◆ **Data block**:
· · · ·

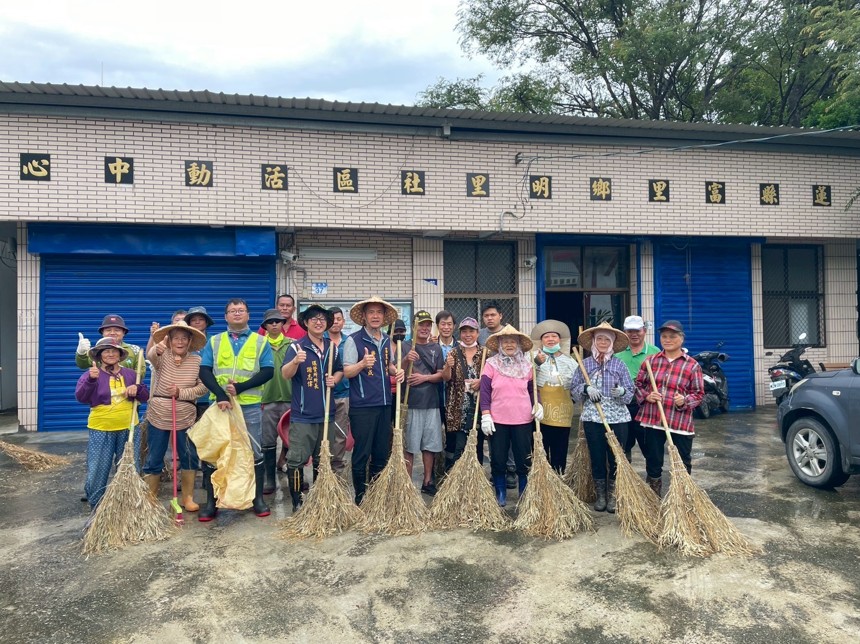 富里鄉長帶頭打掃明里村 齊心維護家園整潔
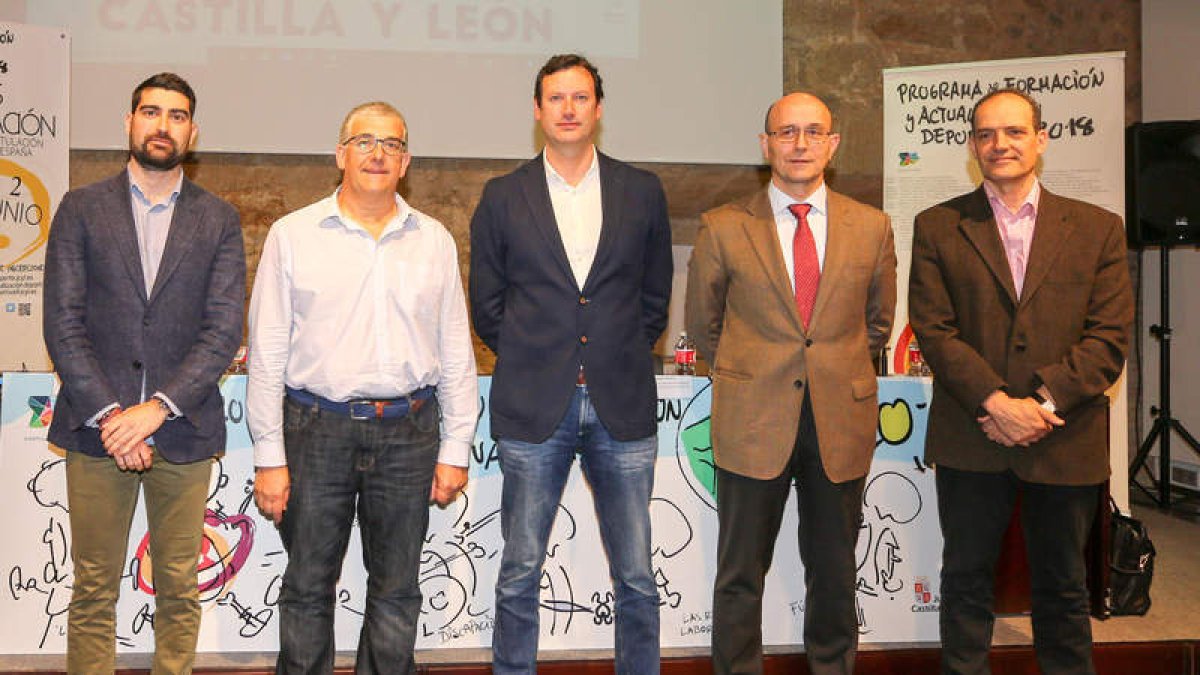 Los ponentes posan al comienzo de la jornada. DL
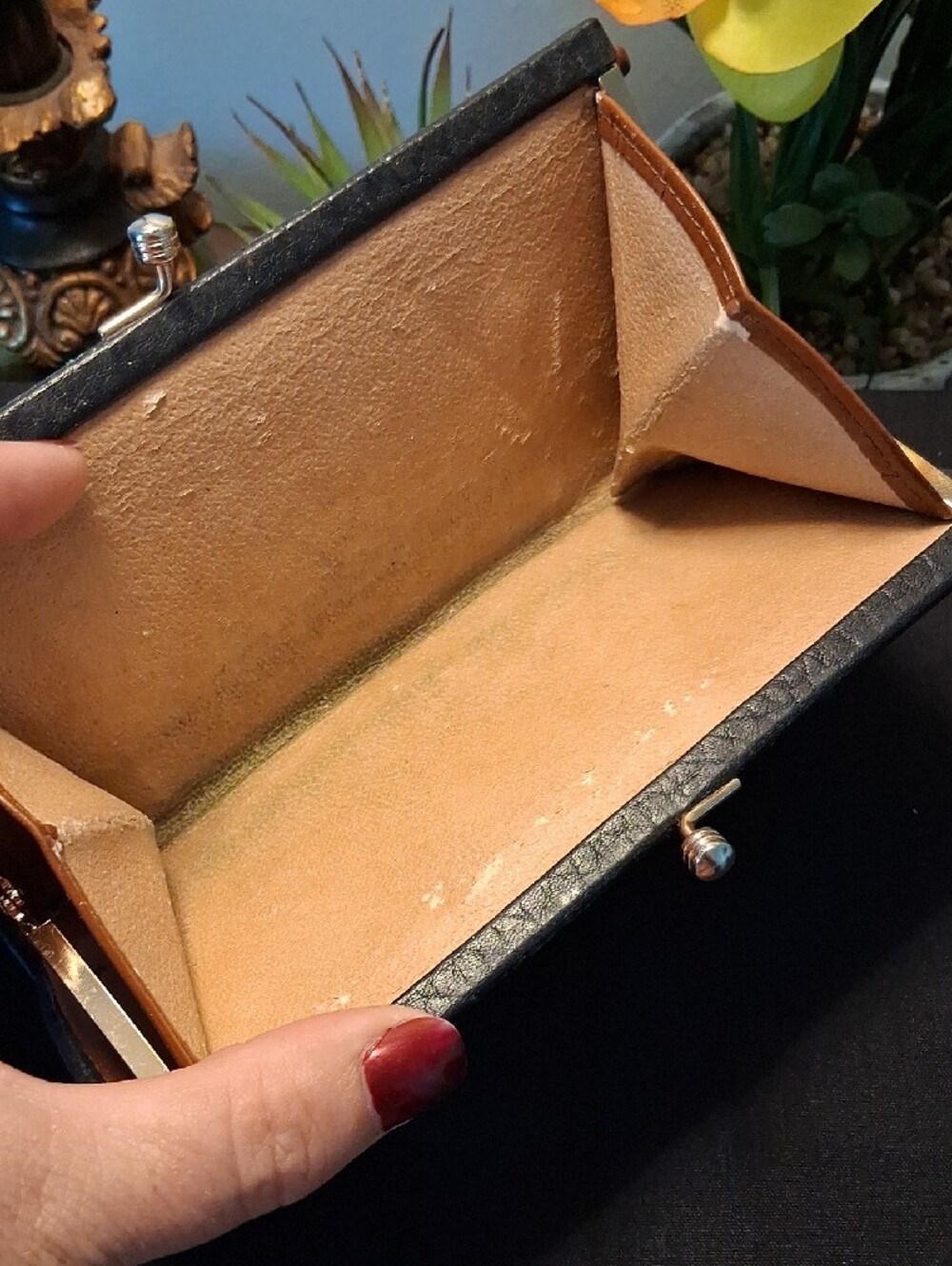 VINTAGE DOONEY & BOURKE Leather Satchel and Wallet Set - Picture 13 of 16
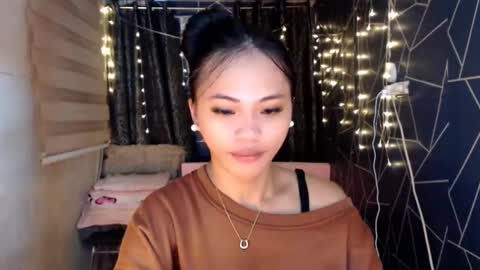 Snapshot of sexycheng chatting on 11.17.25 Miss Cheng online show from 11.17.25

· · · ·

◆ **About this exercise**: Reproduce the whole listing above word for word, dropping each image.

◆ **Solution to the problem**:
 富里鄉長帶頭打掃明里村 齊心維護家園整潔
 Los ponentes posan al comienzo de la jornada. DL
 VINTAGE DOONEY & BOURKE Leather Satchel and Wallet Set - Picture 13 of 16
 Snapshot of sexycheng chatting on 11.17.25 Miss Cheng online show from 11.17.25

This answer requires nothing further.